Work item:
Go through the entries below and retype them exactly, omitting each picture.

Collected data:
-- -- --
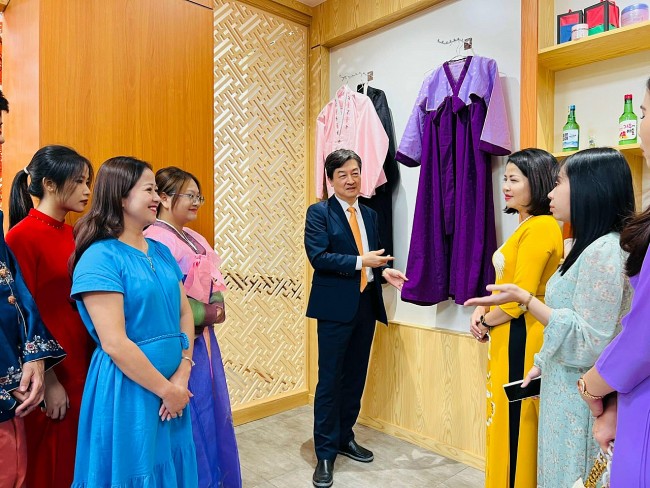 Khai trương Góc không gian văn hóa Hàn Quốc tại Phú Thọ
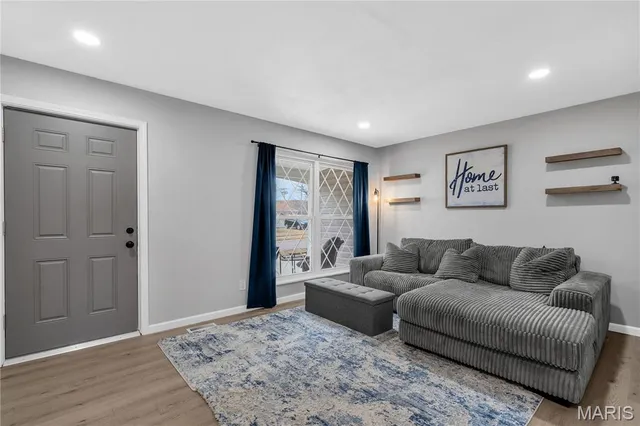 $214,900 | 12178 El Camara Drive, Florissant, MO 63033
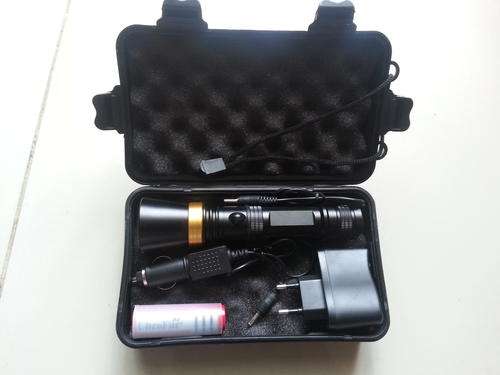Rechargeable Tactical LED flashlight kit - 1200 Lumens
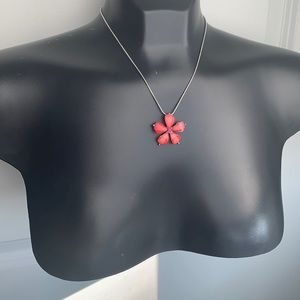 Floral necklace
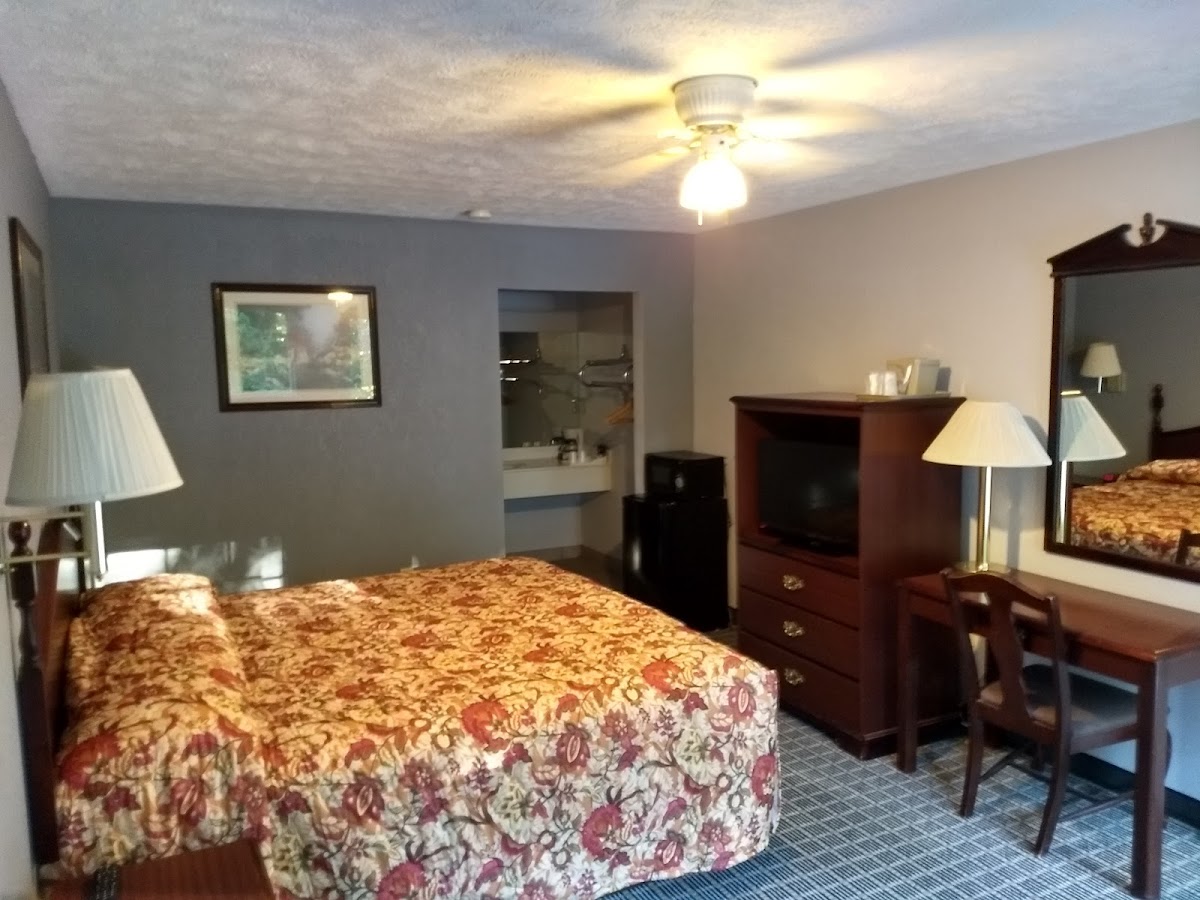 Deerfield Inn photo 2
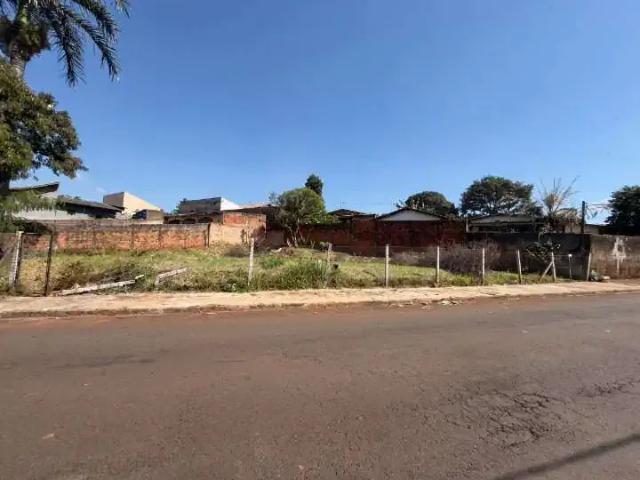 Terreno / Lote para Venda em Londrina/PR Leonor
-- -- --
Result:
 Khai trương Góc không gian văn hóa Hàn Quốc tại Phú Thọ
 $214,900 | 12178 El Camara Drive, Florissant, MO 63033
Rechargeable Tactical LED flashlight kit - 1200 Lumens
 Floral necklace
 Deerfield Inn photo 2
 Terreno / Lote para Venda em Londrina/PR Leonor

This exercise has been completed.